Photo by The Conscientious Omnivore (CC BY-NC-ND 3.0)
Last Thursday we picked up our first box of produce from Vermont Valley Community Farm, the CSA that J and I joined this year. The cold spring briefly delayed the start of our subscription, but as you can see in the photo, we’re off and running now. The box included spring greens, spinach, a beautiful and enormous head of butter lettuce, scallions, radishes, turnips, a whole lot of rhubarb, potatoes that had been stored at 38 degrees all winter, and even a small potted basil plant.

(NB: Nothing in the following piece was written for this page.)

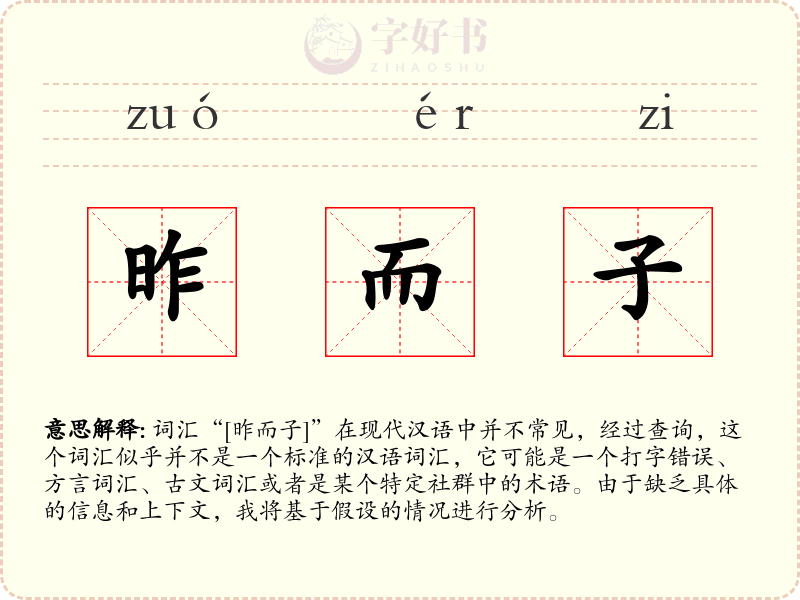 昨而子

With the start of our CSA subscription, I thought I’d share a recent report from Luke Runyon of Harvest Public Media that considers the ways that running a CSA can be a tough business. As he describes,
Within the local food movement, the community supported agriculture model is praised. CSAs, as they’re commonly known, are often considered one of the best ways to restore a connection to the foods we eat.

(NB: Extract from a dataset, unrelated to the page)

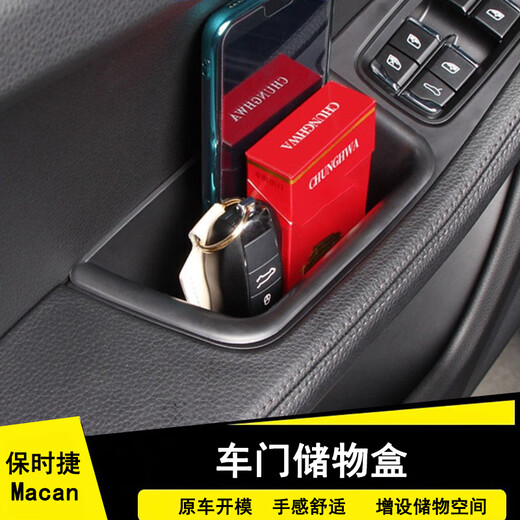 语森忆1423款保时捷Macan车门储物盒内饰改装车门拉手置物盒收纳装饰 14款至今米色前门一对2个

The model is simple: Consumers buy a share of a farmer’s produce up front as a shareholder and then reap the rewards at harvest time. But running a CSA can bring with it some tricky business decisions.
Farmers, some of whom have limited business experience, must quickly learn how to market products, build customer loyalty, advertise, manage risk and diversify their revenue sources. CSAs, depending on their member involvement, often force farmers to turn a portion of their operation into a customer service business.

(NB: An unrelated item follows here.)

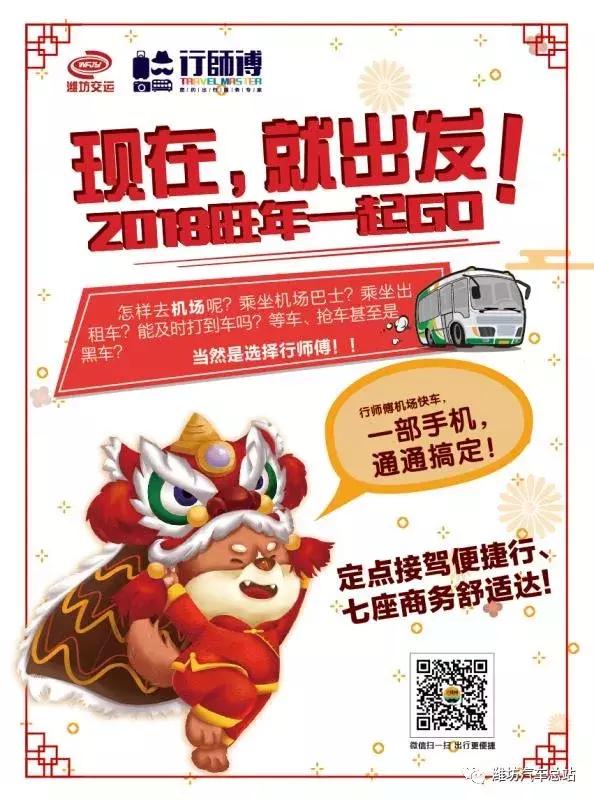 潍坊都有哪些网约车可以注册,潍坊有多少无证网约车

It’s an informative piece, so check out the full story in audio or text format here. And for more on CSAs, head to my earlier post on the subject.
Farmers hit with weather whiplash

Photo by Stephen L Harlow [p0ps harlow] via Flickr, used under a Creative Commons license (CC BY-NC-SA 2.0)
Yesterday, Peggy Lowe of Harvest Public Media reported for NPR on the wet conditions farmers in the Midwest are confronting this spring, in strong contrast to last summer. She describes,
As Chris Webber checked the 40 acres of muddy field he wanted to plant on a recent morning, he worried about getting more rain, even as he worried about the lack of it.
“The drought is over at the moment,” he says. “But in Missouri, we tend to say that in 10 days or two weeks, we can be in a drought again. That’s how fast it can get back to dry.”
Midwestern farmers like Webber, who has a family farm in central Missouri, are suffering from “weather whiplash,” according to meteorologist Jeff Masters. In the past three years, there’s been flooding, then record-setting drought, and now flooding again.
“It’s a term I’m going to be using a lot in the coming years, I think, because the jet stream patterns that we’re familiar with have changed in the last few years,” says Masters, who co-founded Weather Underground. “They’ve slowed down, exposing us to longer periods of extreme weather, and they’ve gotten more extreme.”
Find the full text and audio versions of the story here.
Fracking beneath the farm

Photo by CREDO.fracking via Flickr, used under a Creative Commons license (CC BY 2.0)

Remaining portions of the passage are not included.